Personal information
- Nationality: Jamaica
- Born: 2 February 1997 (age 29) Spanish Town, Jamaica
- Education: University of the West Indies, Mona
- Height: 1.80 m (5 ft 11 in)
- Weight: 74 kg (163 lb)

Sport
- Sport: Track and field, football
- Events: 110 m hurdles, 400 m hurdles
- Club: Cameron Blazers
- Coached by: Bert Cameron

Achievements and titles
- Personal bests: 110 m hurdles (91.4cm): 12.96 (WYB, Nanjing 2014) 110 m hurdles (99.0cm): 13.22 400 m hurdles: 48.03

Medal record
Men's athletics
Representing Jamaica
Pan American Games
| Gold medal – first place | 2023 Santiago | 400 m hurdles |
Commonwealth Games
| Silver medal – second place | 2022 Birmingham | 400m hurdles |
| Bronze medal – third place | 2018 Gold Coast | 400m hurdles |
World Junior Championships
| Gold medal – first place | 2014 Oregon | 400 m hurdles |
| Gold medal – first place | 2016 Bydgoszcz | 400 m hurdles |
| Bronze medal – third place | 2014 Oregon | 4×400 m relay |
Summer Youth Olympics
| Gold medal – first place | 2014 Nanjing | 110 m hurdles |
World Youth Championships
| Gold medal – first place | 2013 Donetsk | 110 m hurdles |
| Gold medal – first place | Donetsk 2013 | Medley relay |
CARIFTA Games (Youth)
| Gold medal – first place | 2012 Hamilton | 110 m hurdles |
| Gold medal – first place | 2013 Nassau | 4 × 100 m relay |
| Bronze medal – third place | 2013 Nassau | 200 m |
| Bronze medal – third place | 2013 Nassau | 4 × 400 m relay |
| Gold medal – first place | 2014 Fort-de-France | 110 m hurdles |
| Gold medal – first place | 2014 Fort-de-France | 400 m hurdles |
| Gold medal – first place | 2014 Fort-de-France | 4×400 m relay |
CARIFTA Games (Junior)
| Gold medal – first place | 2015 Basseterre | 110 m hurdles |
| Gold medal – first place | 2015 Basseterre | 400 m hurdles |
| Gold medal – first place | 2015 Basseterre | 4 × 400 m relay |

= Jaheel Hyde =

Jamaican athlete (born 1997)

Jaheel Hyde (born 2 February 1997) is a Jamaican track and field athlete.
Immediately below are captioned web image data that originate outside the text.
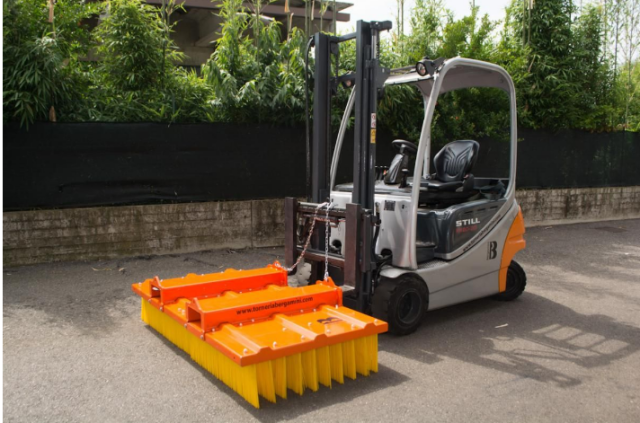 Balai pour chariot élévateur en Polypropylène renforcé - Bergamini_3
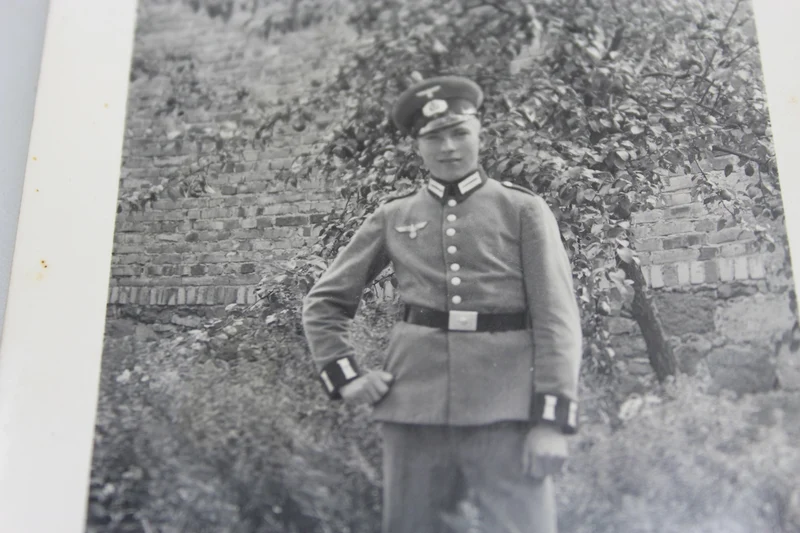 Foto im Waffenrock Heer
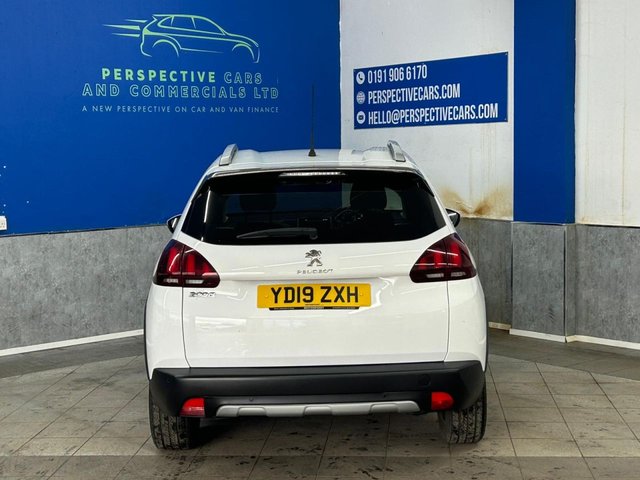 2019 PEUGEOT 2008 - Photo 4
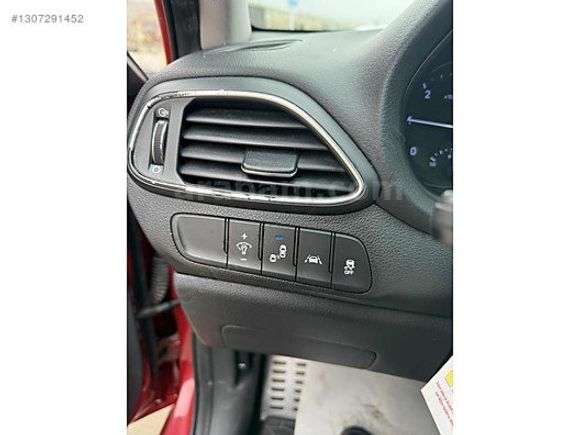 HYUNDAİ İ30 CAM TAVAN 78 BİNDE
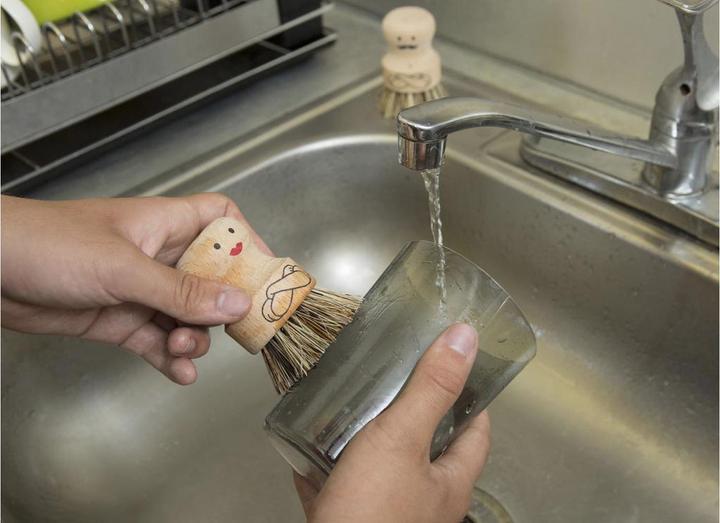 Immagine prodotto Kikkerland Spazzola di pulizia MR&MRS Marrone chiaro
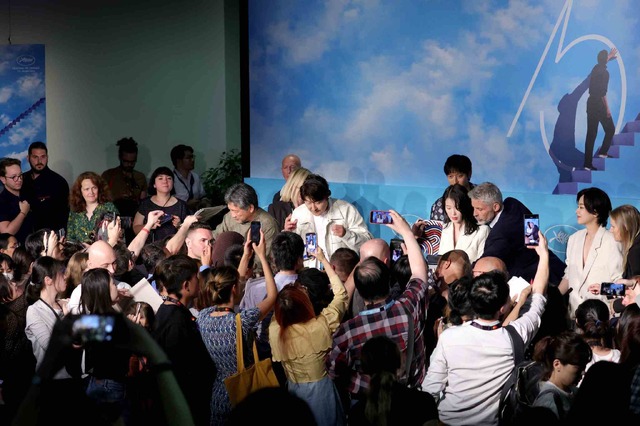 『ベイビー・ブローカー』記者会見（C）2022 ZIP CINEMA & CJ ENM Co., Ltd., ALL RIGHTS RESERVED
He was the 2014 world junior champion in the 400 metres hurdles and the 2013 world youth champion in the 110 metres hurdles.

He won a gold medal in the 110 m hurdles at the 2013 World Youth Championships in Athletics in Donetsk, Ukraine, setting a new championship record for the event and coming .01 seconds shy of tying the World Youth Best held by Wilhem Belocian. In 2014, he won the gold medal in the 400 metres hurdles at the World Junior Championships in Eugene, Oregon, then the 100 metres hurdles at the Youth Olympics in Nanjing, China, beating Belocian's World Youth Best with a time of 12.96 seconds.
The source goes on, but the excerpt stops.